Tres tablones de cedro

Dicen que, ya septuagenario, cuando incluso una pierna había abandonado su camino, Jaime solía sentarse en un taburete a contarles a los nietos la intensa anécdota de su vida, aquella de sus 14 años, cuando de manera inocente  tuvo contacto con el hecho luctuoso más grande de la Historia de Cuba: la muerte de José Martí.

El año 1895 andaba por mayo y el muchacho vivía en el mismo caserío oriental de Remanganaguas donde había nacido. En medio de una desolación sin horizonte ayudaba a uno de sus tíos a vender comida y bebidas en un puestecito irónicamente llamado La Dichosa.

Aquellos fueron los días menos dichosos del mundo, pero seguramente le llevó tiempo comprenderlo. El lunes 20 la llovizna trajo una gran caballería hispana y él corrió a verla, junto a una bandada de vejigos de su tamaño, sin sospechar que la tarde anterior, poco después de la una, esos mismos hombres que llegaban le habían cortado un pedazo a la esperanza.


Tras su mostrador escuchó el alarde —una mancha fundada solo en la ambición— de un práctico cuyo nombre merece olvidarse que afirmó haber matado al jefe de los mambises. De la cabeza del niño no escapó jamás aquel mal cubano al cual tuvo que servir anís con alcohol para que celebrara la presunta hazaña. El hombre bebía y vociferaba eufórico. Jaime había perdido, sin conocerlo en vida ni leer sus cuentos, a su amigo de La Edad de Oro.

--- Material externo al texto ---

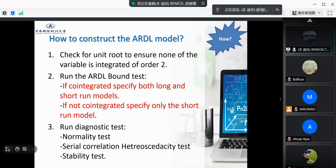How do you construct an ARDL model? First, check your unit root test and ensure that none of your variables under consideration are integrated of order two. Next, run the ARDL bounds test to estimate whether there is a long-run relationship among your variables of interest. If they are co-integrated, you can specify both the long-run and the short-run models, and go further to estimate the ECM and determine direction of causality.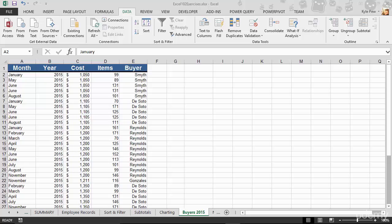Here's one more topic about sorting within Excel lists. I still have the exercise file open called Excel 102 exercises dot xlsx document, but I'm on a different tab: the buyers 2015 worksheet. You can see at the bottom of the screen, I'm going to give you a quick little tip here.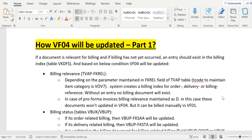VF04 contains documents — sales orders and deliveries — that have not yet been processed for billing, or are only partially processed. If billing is completed, that entry will not appear in VF04. The appearance also depends on some other parameters, which we will check one by one.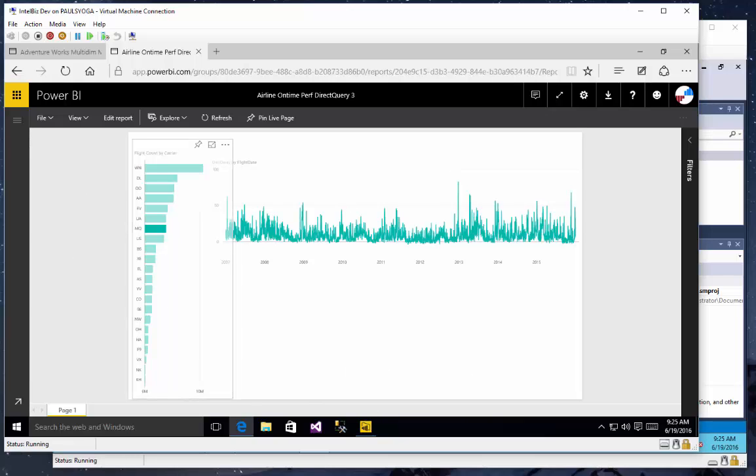So there you have it. Four different options. We used direct query against a standard relational database. We used direct query against a SQL Server 2016 database with a clustered column store index, which sped up queries considerably. Then we used a direct connection against Analysis Services multidimensional, created a KPI, and then we created a direct connection against Analysis Services, also on-premises, using a tabular model.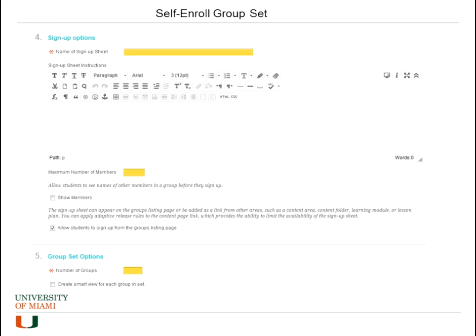For the self-enroll group set, you set the maximum number of members. In the sign-up sheet options you put a name, and if you want to put a description for students to be informed of what is required, you can add it there. Then you set the maximum number of members per group and how many groups you want, since this is a group set.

Corrió tras los soldados. En el cementerio cavaron una fosa y enterraron dos cadáveres. Martí abajo y, encima, un sargento español. Cuatro piedras en cruz marcaron el lugar. Oculto, el niño lo vio todo; estuvo a unos pasos del cuerpo que Quintín, el negro Bandera roja azul y blanca, no pudo rescatar tras mil intentos. ¿Quién fuera mambí en ese momento?

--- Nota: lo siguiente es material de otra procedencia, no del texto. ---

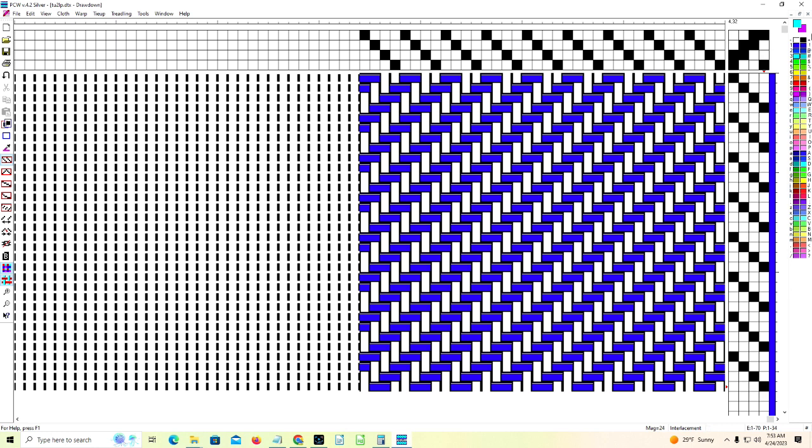So the biggest difference that I see is that in Tempo Weave, you have to save the file each time between converting from lift plan to tie-up or tie-up to lift plan, whereas in FibreWorks PCW, you do not have to do the save, but the process is very much the same. One of them you work in the tie-up menu, the other one you work in the tools menu, but they both convert to lift plan or tie-up as needed.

El 23 fue aun más duro. Los españoles encargaron el ataúd al viejo Pedro Ferrán y este pidió ayuda al aprendiz: Jaime seleccionó los tablones y buscó clavos, cera y dos serruchos. En la tarde, espantado, asistió a la exhumación del cuerpo. Como en un mapa de operaciones militares, observó esas heridas mortales que cambiaron tácticas y estrategias combativas en al menos tres países.

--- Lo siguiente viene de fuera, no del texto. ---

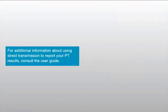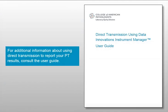For additional information about using direct transmission to report your PT results, consult the User Guide.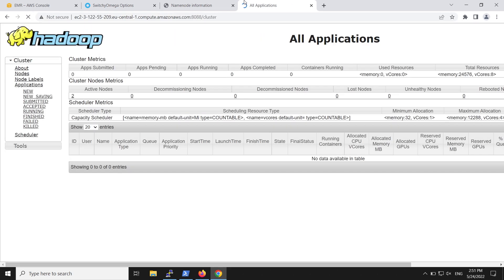Now you know how to access the web interfaces hosted on an Amazon EMR cluster by using local port forwarding and dynamic port forwarding. Thanks for watching, and happy cloud computing from all of us here at AWS.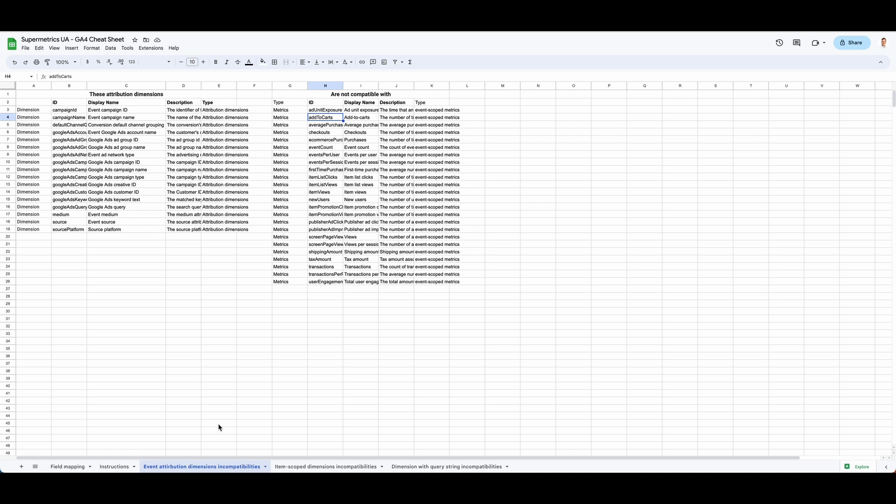In GA4, some fields are not compatible with each other, so this will help you identify them. You have, for example, the event attribution dimensions that are not compatible with some event scope metrics.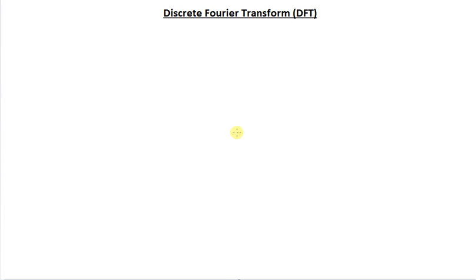Welcome to week 6 of signal study group. In this tutorial I would like to show you an operation called the discrete Fourier transform, which is derived from the discrete time Fourier series. So let's just jump into it.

El médico sacó las vísceras y las echó en una fosa. Aun hoy es difícil concebirlo: ¿cómo cupo aquel hombre de maneras preciosas en tres tablones de cedro? ¿Cómo una caja tosca de ocho pesos fue cabalgadura para el que poco antes, en Dos Ríos, había caído del brioso Baconao? ¿Será acaso por eso que, inquieto, el cadáver ardilla —que sin dudas subió las escaleras al Cielo con el mismo apremio con que en Nueva York buscaba su oficina— anduvo por cuatro inhumaciones y exhumaciones más hasta que levantó, en junio de 1951, campamento fijo en el mausoleo santiaguero de Santa Ifigenia?

Tal vez buscando respuestas a preguntas semejantes, par de años después Jaime Sánchez Sánchez dejó Remanganaguas y se sumó el Ejército Libertador en un punto entre el río Las Biajacas y el pueblito de Maffo. Nadie puede recuperarse de vivencia semejante. Nadie puede. Nadie. Seguramente en las pausas de la batalla tenía que contar. Es probable que pocos le creyeran. Y no es para menos: ¿cuántos cubanos pueden decir que vieron de cerca el corazón amado de su Isla?